PCBs alter the developing brain which may lead to alterations in human cognition. This is a concern for many Akwesasne Mohawk women who had elevated body concentrations of PCBs and whose children were exposed during gestation and through breast feeding. Thus, it is important to understand the mechanism by which PCBs may induce cognitive and physical deficits in these children.
For this purpose, we will determine the neurochemical, neurobehavioral, and endocrine effects of in utero and lactational exposure of the laboratory rat to individual PCB congeners. These congeners were selected because they alter neurochemical and second messenger systems and the development of key endocrine systems including thyroid and estrogens- all of which are important for normal brain development.
During the first year of study, biogenic amine concentrations were measured in brain slices of rats exposed in vitro to each congener to determine which congeners directly affect neurochemical function.

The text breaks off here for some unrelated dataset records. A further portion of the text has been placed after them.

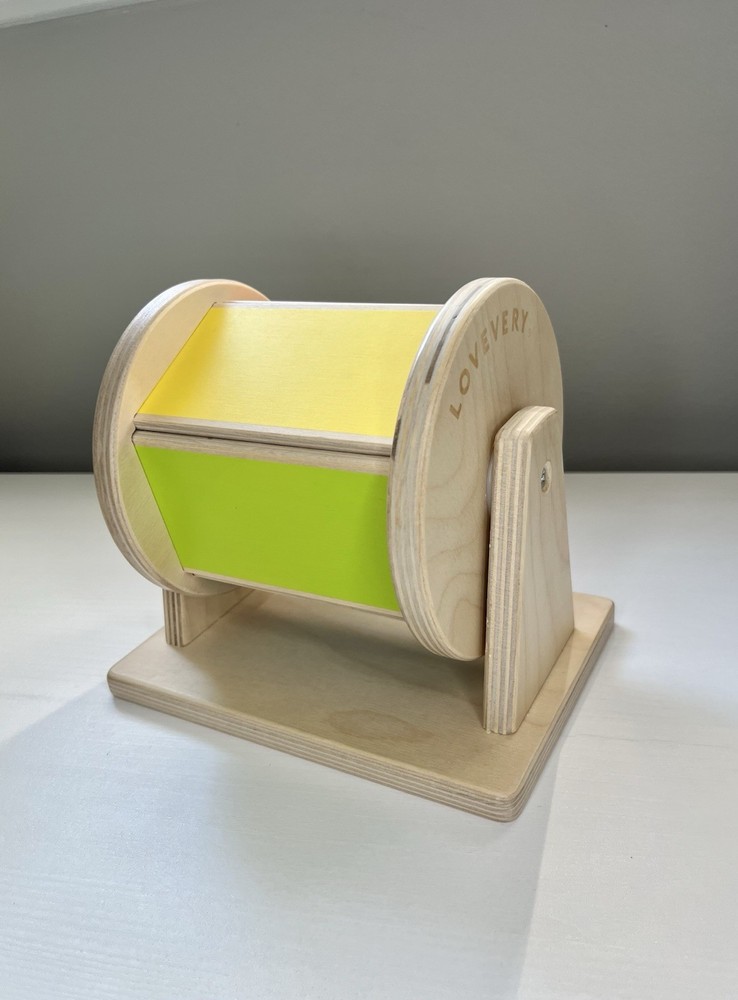Lovevery Montessori Wooden Spinning Rainbow Drum The Senser Play Kit Months 5-6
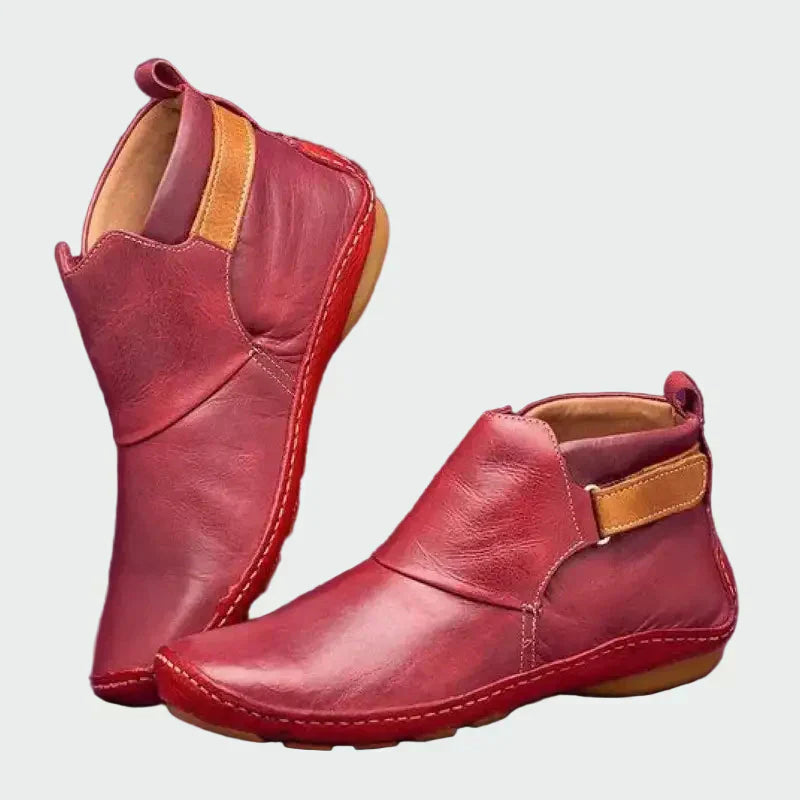 Lina - Botines de Cuero Elegantes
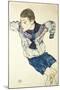 Knabe in Matrosenanzug, 1914-Egon Schiele-Mounted Giclee Print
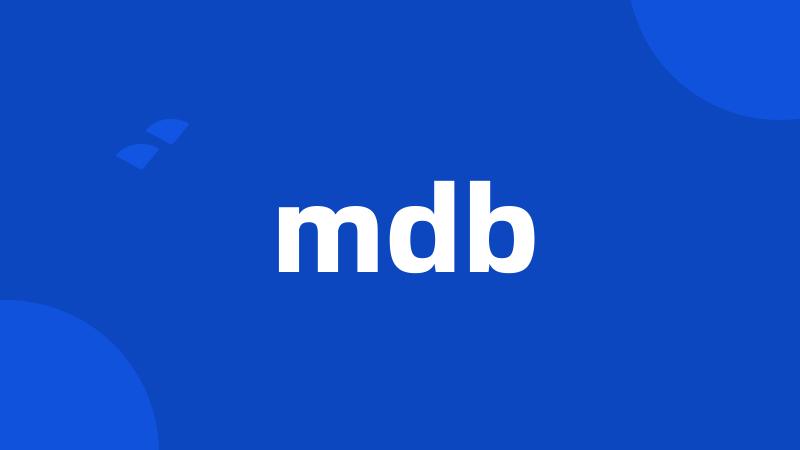 mdb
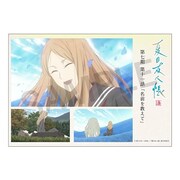 TVアニメ「夏目友人帳 漆」第11話の印象的なシーンを使用したステッカー。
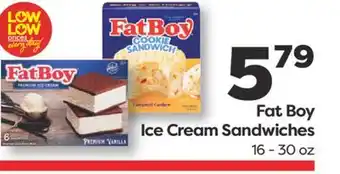 Weis Markets Fat Boy Ice Cream Sandwiches offer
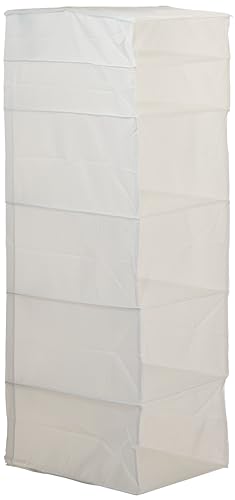 منظم ايكيا مع مساحات تخزين - ابيض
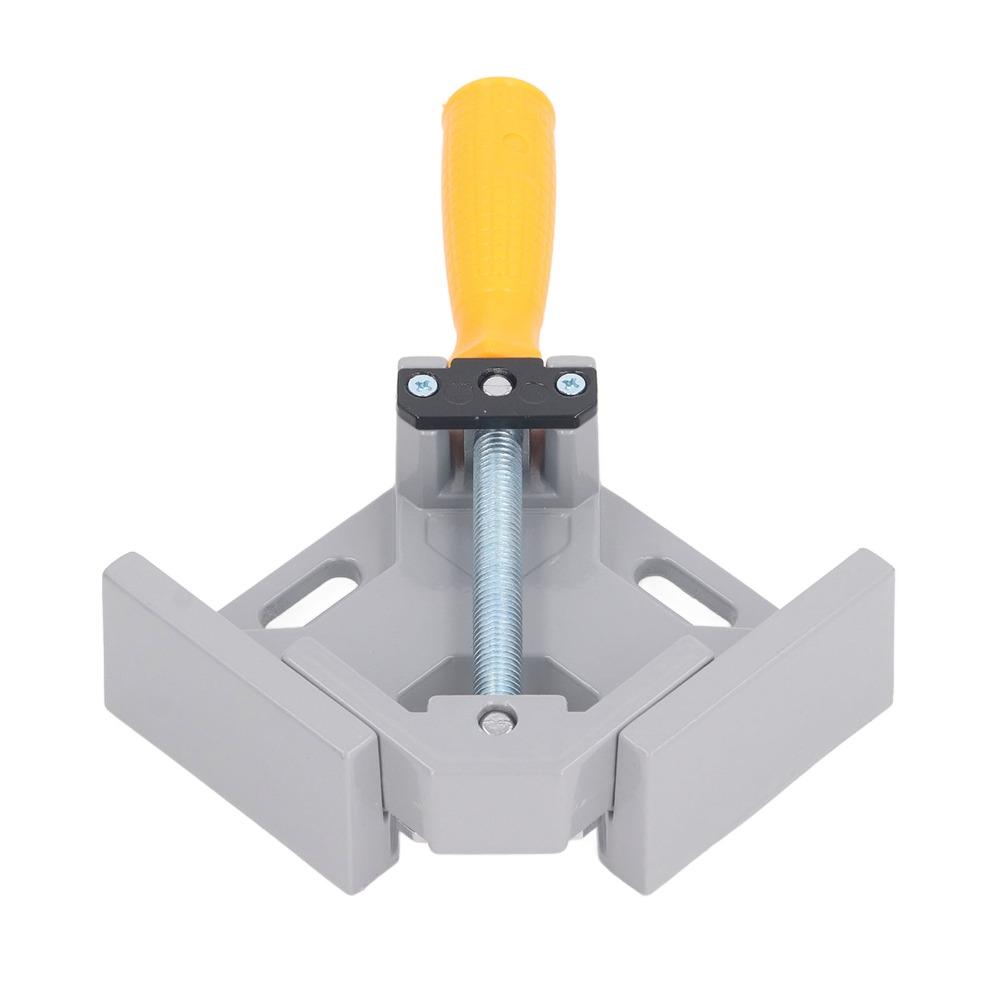 2pcs Adjustable Swing Jaw Right Angle Clamp Single Handle Woodworking Clamps  Photo Framing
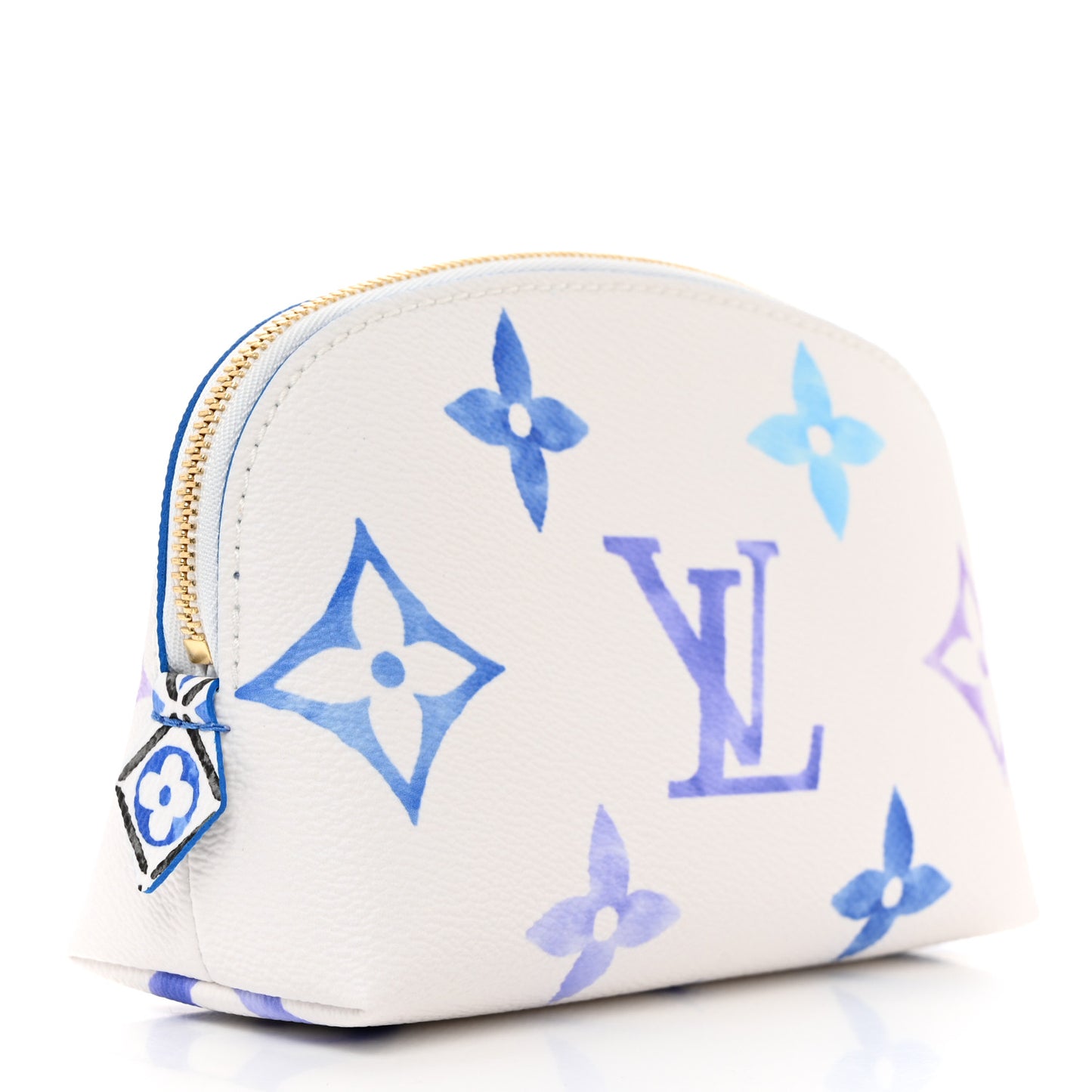 Monogram Giant By The Pool Cosmetic Pouch PM Blue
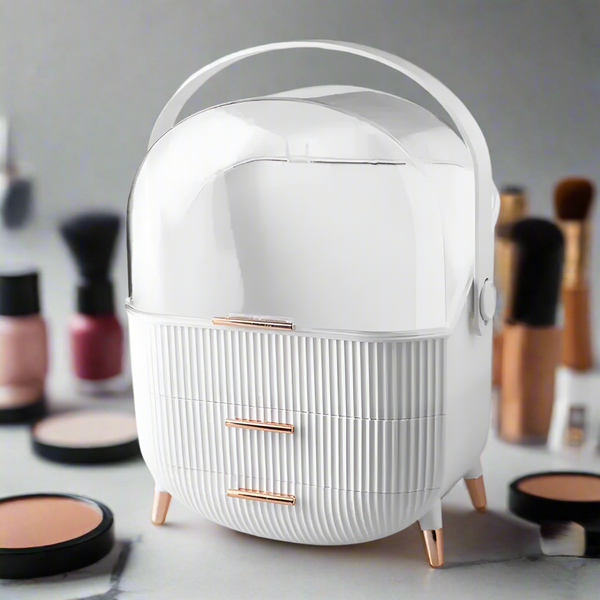 Cosmetics Organiser 2 Drawer in White
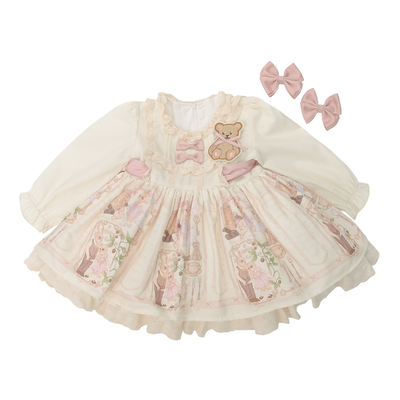 洛丽塔女童公主裙儿童生日连衣裙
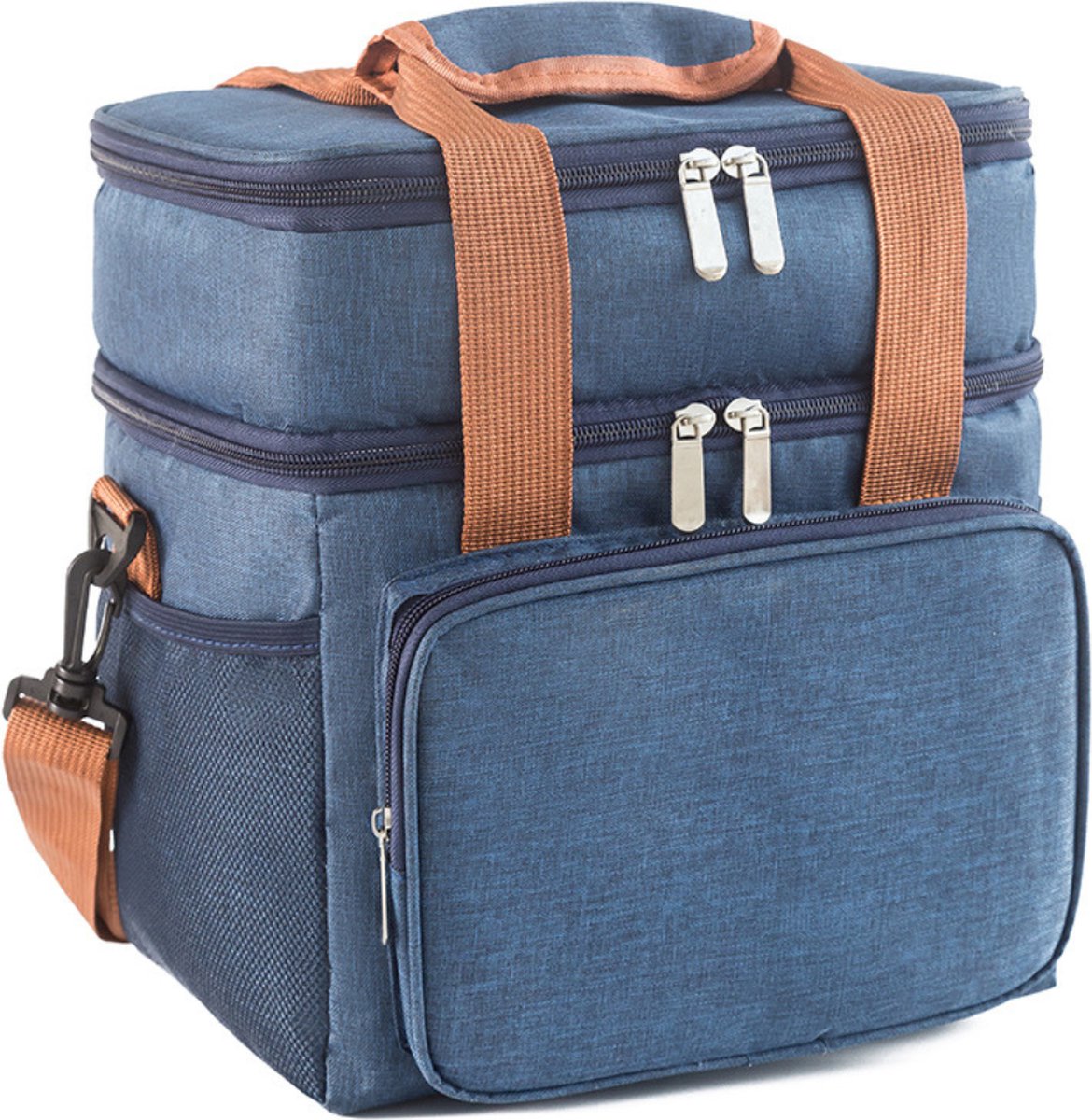 Bovista Koelbox - Koeltas - Frigobox - Autokoelbox - Lichtgewicht - Coolbox - Wielen - Draagbaar - Blauw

In the remaining years of the study, pregnant rats (dams) will be exposed to these congeners during gestation and lactation. The developing rats will be assayed for PCB induced alterations in endocrine status and these changes will be correlated with neurochemical and neurobehavioral changes. Animals will also be exposed to pharmacological agents during development to determine whether neurochemical and endocrine changes, seen after congener exposure, are due to selective alterations in these specific systems. Finally, the study will determine the effects of developmental exposure to PCBs on cognitive function. These studies, using a number of prototypical PCB congeners, will determine which congeners directly affect neurotransmitter development, indirectly affect endocrine and brain development, and the behavioral consequences of perinatal exposure.